We, too, are called to be different, set apart – but when I look at the church in the West today I see very little difference between us and the world. We have become like the nations around us. We are Amorites, we are Egyptians.

Now I hope by now I’ve been able to destroy your confidence in yourself. I hope you are feeling despondent (hopeless) as Amos’ message comes to bear on you and blasts out its condemnation. I hope you feel like the Israelite in 770BC should have felt. I hope you hear the truth of the statement “The people of Norway have sinned again and again, and they will not go unpunished.” “The people of Rock International Church have sinned again and again, and they will not go unpunished” or put your own name here “Daniel has sinned again and again, and he will not go unpunished”

We need a rescue don’t we? We are in Egypt, an Egypt in our hearts, in slavery to sin, to the whims of our emotions, our desires. Whatever *I* want when *I* want it.

We need a new Exodus, a new rescue to save us from our Egypt of slavery to sin.

And dear friends, that’s what we have! Because God’s warning to the Israelites is a warning to turn to him and to seek forgiveness. The blazing torch of the Law lighting up our sinfulness and exposing our dark deeds is there not to condemn but to cause us to stop pretending we’re good enough and to cry out to God to help us. Like little children. And his reminder of the Exodus is a reminder that he is the God who saves.

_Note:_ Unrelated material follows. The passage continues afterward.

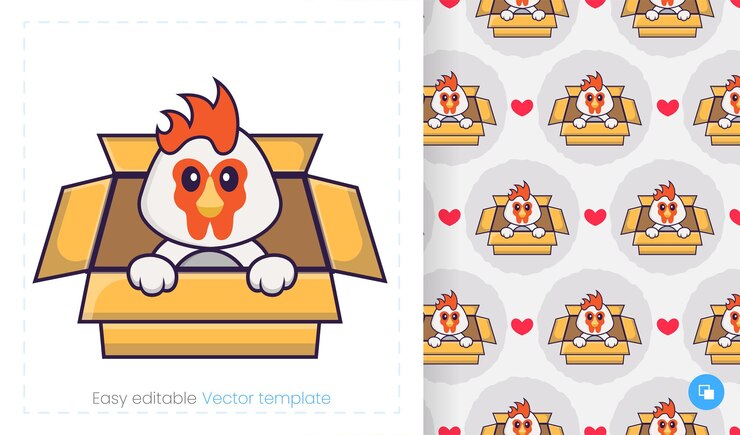 Vector patrón sin fisuras con pollo de dibujos animados sobre fondo blanco.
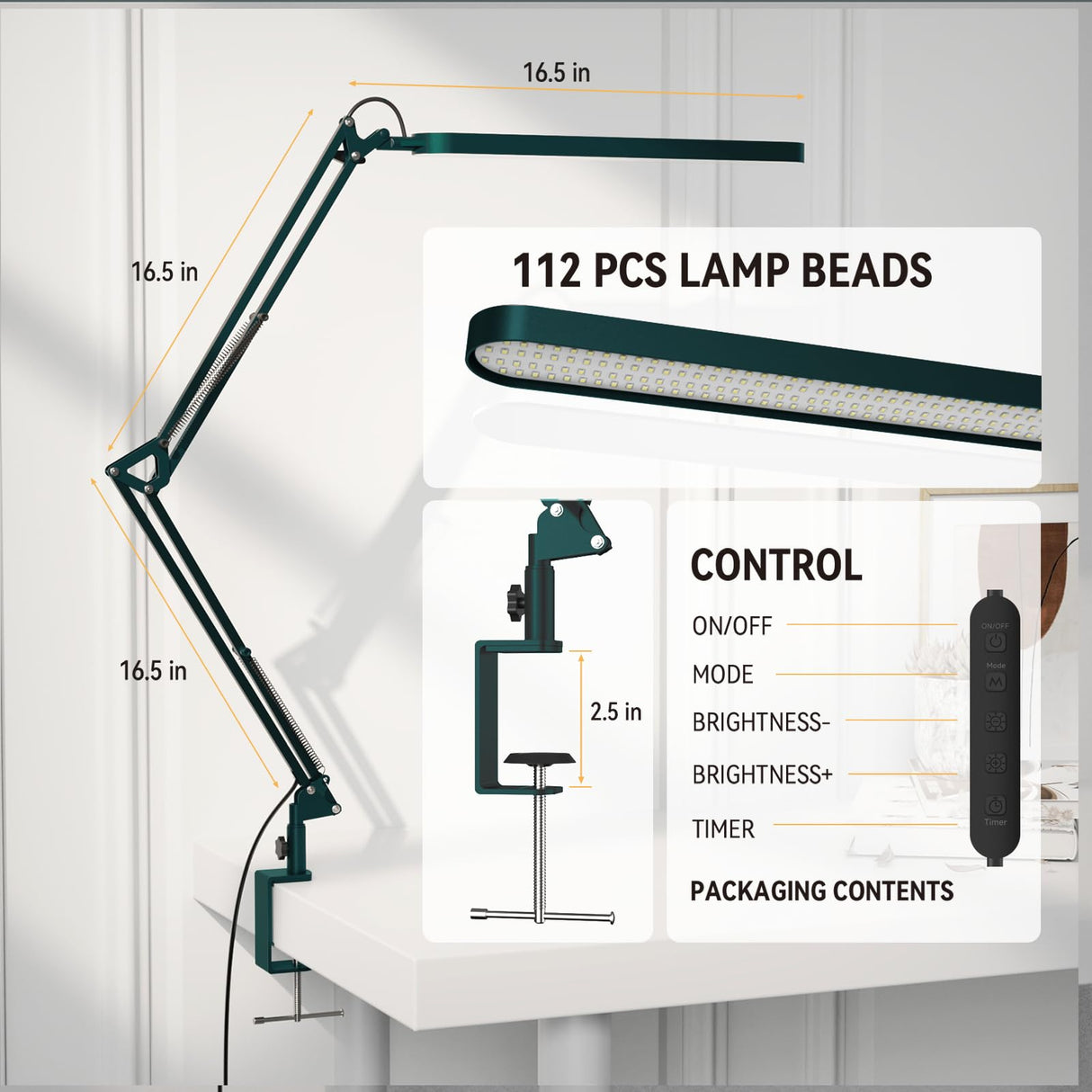 SKYLEO Desk Lamp - LED Desk Light - 5 Color Modes X 11 Brightness Levels - Adjustable Swing Arm - Timmer & Memory Function - 12W Lamp for Desk - Green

“Daniel has sinned again and again, and he will not go unpunished” This is true! We will not go unpunished. But the question is who will bear our punishment. That is the glory of the True Exodus that Amos looked forward too, but which we know. The true Exodus took place on the Cross. That is the glory of the Cross. For there God stretches out his arms and cries out in a loud voice as he bears the punishment for sins committed by others. Jesus swaps places with us. He takes our punishment.

Israel may have been shocked by the twist in Amos’ message. They may have been afraid as his words revealed their evil hearts, the evil religious!, but they could flee to God and beg for forgiveness, beg for rescue from slavery, beg for the true Exodus, the true rescue, where God himself swaps places with us and takes the punishment we deserve.

“Daniel has sinned again and again, and he will not go unpunished”

That is right and that is good. I have sinned and I deserve punishment. I am not holy – and I don’t have to pretend to be! The glory of the Gospel is that, like a little child I can come with my broken life “I broke it, Daddy” , and Jesus bears the cost, he pays to fix it, to fix it forever.